INSTRUCTIONS TO FOLLOW: Each line from the start of the records through the line containing "385 Mount Pleasant" is to be transcribed exactly, and no other line is to be included.

SUPPLIED MATERIAL:
**********

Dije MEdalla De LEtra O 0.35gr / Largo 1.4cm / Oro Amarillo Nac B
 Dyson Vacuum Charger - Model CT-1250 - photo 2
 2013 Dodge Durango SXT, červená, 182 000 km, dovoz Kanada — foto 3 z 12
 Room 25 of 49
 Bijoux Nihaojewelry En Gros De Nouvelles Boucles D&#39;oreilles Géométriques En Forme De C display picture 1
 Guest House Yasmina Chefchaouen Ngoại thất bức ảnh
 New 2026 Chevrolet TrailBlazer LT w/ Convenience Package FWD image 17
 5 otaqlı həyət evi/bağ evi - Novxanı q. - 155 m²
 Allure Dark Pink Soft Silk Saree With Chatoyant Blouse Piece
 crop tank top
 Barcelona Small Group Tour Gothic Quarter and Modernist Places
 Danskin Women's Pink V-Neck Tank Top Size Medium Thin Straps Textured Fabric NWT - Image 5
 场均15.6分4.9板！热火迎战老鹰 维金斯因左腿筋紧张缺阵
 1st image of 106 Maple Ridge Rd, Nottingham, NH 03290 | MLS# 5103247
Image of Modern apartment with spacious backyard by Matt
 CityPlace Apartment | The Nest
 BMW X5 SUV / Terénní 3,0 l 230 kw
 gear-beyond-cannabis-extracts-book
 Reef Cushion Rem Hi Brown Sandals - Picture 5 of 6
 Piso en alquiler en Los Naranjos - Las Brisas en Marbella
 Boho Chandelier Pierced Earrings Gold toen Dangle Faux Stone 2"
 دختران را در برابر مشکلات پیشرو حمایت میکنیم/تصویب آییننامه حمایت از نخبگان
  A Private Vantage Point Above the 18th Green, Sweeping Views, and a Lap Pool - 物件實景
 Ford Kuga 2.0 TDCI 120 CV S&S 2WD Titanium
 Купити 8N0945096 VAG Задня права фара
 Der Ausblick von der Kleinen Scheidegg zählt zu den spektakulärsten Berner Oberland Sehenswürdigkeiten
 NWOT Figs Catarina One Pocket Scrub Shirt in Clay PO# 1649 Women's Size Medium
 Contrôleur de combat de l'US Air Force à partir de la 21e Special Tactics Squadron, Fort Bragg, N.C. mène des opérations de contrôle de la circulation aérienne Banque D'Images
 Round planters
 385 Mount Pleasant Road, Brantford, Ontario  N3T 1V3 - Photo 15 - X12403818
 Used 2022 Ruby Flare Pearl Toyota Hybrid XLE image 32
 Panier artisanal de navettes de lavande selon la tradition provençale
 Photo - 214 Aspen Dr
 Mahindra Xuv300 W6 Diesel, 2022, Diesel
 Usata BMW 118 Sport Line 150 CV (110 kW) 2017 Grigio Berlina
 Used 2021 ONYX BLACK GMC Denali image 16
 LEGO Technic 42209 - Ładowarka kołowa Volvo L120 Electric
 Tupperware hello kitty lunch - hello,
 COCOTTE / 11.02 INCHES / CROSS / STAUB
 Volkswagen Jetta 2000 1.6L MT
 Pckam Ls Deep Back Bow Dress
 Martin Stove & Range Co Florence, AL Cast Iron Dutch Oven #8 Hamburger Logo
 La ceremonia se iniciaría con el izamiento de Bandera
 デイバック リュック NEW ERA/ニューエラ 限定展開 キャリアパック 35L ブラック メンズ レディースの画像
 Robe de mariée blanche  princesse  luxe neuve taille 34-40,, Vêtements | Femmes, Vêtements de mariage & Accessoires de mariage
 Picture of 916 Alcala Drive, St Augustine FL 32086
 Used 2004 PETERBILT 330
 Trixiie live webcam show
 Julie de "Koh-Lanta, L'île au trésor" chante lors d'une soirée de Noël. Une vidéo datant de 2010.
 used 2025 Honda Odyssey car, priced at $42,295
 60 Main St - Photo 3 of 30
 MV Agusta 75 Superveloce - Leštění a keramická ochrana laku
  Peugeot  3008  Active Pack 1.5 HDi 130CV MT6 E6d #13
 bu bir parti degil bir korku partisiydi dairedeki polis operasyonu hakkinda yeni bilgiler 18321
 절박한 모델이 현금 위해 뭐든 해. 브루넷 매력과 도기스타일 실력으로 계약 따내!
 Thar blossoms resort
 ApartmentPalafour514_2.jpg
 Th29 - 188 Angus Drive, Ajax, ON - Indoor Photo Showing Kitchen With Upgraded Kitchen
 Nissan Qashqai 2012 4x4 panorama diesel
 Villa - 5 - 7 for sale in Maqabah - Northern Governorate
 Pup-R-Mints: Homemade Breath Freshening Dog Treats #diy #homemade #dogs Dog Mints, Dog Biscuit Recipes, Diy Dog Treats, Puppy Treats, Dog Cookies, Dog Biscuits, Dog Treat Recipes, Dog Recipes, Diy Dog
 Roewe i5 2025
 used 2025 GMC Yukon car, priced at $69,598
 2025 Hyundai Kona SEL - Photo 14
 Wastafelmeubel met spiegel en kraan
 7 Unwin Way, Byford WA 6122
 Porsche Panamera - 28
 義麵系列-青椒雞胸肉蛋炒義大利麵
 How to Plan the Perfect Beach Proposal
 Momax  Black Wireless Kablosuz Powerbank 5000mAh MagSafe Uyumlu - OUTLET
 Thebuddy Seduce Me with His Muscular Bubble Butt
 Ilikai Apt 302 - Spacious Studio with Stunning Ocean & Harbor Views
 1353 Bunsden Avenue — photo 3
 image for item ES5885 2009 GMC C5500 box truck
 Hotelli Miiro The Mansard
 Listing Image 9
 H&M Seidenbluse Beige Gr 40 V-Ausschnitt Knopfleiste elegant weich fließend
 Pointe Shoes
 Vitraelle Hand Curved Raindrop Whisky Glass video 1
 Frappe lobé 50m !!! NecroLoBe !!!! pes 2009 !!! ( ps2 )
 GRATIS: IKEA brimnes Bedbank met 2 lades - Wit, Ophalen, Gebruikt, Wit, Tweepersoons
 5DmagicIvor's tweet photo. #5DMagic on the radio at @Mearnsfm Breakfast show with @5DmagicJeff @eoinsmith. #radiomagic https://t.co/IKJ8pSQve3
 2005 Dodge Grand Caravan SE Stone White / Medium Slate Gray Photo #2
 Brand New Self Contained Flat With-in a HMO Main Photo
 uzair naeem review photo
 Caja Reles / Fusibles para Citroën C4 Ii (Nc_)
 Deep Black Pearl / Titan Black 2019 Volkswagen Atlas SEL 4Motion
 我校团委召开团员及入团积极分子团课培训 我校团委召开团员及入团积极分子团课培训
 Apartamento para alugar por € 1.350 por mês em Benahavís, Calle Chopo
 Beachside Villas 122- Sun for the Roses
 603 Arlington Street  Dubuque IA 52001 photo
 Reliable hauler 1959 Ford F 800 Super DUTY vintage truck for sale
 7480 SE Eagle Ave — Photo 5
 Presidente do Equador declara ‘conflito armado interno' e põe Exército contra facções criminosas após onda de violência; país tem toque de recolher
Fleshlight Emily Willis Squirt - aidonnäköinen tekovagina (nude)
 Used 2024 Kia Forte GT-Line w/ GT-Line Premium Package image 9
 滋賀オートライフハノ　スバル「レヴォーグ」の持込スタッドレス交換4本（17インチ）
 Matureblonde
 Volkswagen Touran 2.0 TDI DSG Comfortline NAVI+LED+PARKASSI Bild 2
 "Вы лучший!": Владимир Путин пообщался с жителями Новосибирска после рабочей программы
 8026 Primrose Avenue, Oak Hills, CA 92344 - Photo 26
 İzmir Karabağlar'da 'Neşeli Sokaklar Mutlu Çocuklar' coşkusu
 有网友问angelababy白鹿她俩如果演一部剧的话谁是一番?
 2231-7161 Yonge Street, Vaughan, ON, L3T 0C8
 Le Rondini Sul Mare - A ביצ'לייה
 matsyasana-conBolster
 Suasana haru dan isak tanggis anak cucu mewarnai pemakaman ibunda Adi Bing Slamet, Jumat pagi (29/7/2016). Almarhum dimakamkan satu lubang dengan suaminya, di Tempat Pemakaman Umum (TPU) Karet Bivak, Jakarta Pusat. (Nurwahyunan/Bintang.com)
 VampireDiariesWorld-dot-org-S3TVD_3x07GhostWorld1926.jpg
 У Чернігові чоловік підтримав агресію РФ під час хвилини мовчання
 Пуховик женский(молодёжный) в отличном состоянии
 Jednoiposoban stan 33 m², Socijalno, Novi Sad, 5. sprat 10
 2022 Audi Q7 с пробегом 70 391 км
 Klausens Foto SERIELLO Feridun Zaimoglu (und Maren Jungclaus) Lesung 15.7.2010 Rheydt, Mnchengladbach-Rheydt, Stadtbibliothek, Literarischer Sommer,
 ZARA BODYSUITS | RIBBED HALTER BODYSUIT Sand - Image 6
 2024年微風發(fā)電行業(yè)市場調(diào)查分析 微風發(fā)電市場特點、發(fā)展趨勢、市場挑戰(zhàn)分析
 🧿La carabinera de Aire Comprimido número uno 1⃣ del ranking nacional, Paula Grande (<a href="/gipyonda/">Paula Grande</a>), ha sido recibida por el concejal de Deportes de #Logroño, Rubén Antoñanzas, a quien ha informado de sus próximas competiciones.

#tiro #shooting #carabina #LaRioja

**********

ANSWER TO THIS PROBLEM:
Dije MEdalla De LEtra O 0.35gr / Largo 1.4cm / Oro Amarillo Nac B
 Dyson Vacuum Charger - Model CT-1250 - photo 2
 2013 Dodge Durango SXT, červená, 182 000 km, dovoz Kanada — foto 3 z 12
 Room 25 of 49
 Bijoux Nihaojewelry En Gros De Nouvelles Boucles D&#39;oreilles Géométriques En Forme De C display picture 1
 Guest House Yasmina Chefchaouen Ngoại thất bức ảnh
 New 2026 Chevrolet TrailBlazer LT w/ Convenience Package FWD image 17
 5 otaqlı həyət evi/bağ evi - Novxanı q. - 155 m²
 Allure Dark Pink Soft Silk Saree With Chatoyant Blouse Piece
 crop tank top
 Barcelona Small Group Tour Gothic Quarter and Modernist Places
 Danskin Women's Pink V-Neck Tank Top Size Medium Thin Straps Textured Fabric NWT - Image 5
 场均15.6分4.9板！热火迎战老鹰 维金斯因左腿筋紧张缺阵
 1st image of 106 Maple Ridge Rd, Nottingham, NH 03290 | MLS# 5103247
Image of Modern apartment with spacious backyard by Matt
 CityPlace Apartment | The Nest
 BMW X5 SUV / Terénní 3,0 l 230 kw
 gear-beyond-cannabis-extracts-book
 Reef Cushion Rem Hi Brown Sandals - Picture 5 of 6
 Piso en alquiler en Los Naranjos - Las Brisas en Marbella
 Boho Chandelier Pierced Earrings Gold toen Dangle Faux Stone 2"
 دختران را در برابر مشکلات پیشرو حمایت میکنیم/تصویب آییننامه حمایت از نخبگان
  A Private Vantage Point Above the 18th Green, Sweeping Views, and a Lap Pool - 物件實景
 Ford Kuga 2.0 TDCI 120 CV S&S 2WD Titanium
 Купити 8N0945096 VAG Задня права фара
 Der Ausblick von der Kleinen Scheidegg zählt zu den spektakulärsten Berner Oberland Sehenswürdigkeiten
 NWOT Figs Catarina One Pocket Scrub Shirt in Clay PO# 1649 Women's Size Medium
 Contrôleur de combat de l'US Air Force à partir de la 21e Special Tactics Squadron, Fort Bragg, N.C. mène des opérations de contrôle de la circulation aérienne Banque D'Images
 Round planters
 385 Mount Pleasant Road, Brantford, Ontario  N3T 1V3 - Photo 15 - X12403818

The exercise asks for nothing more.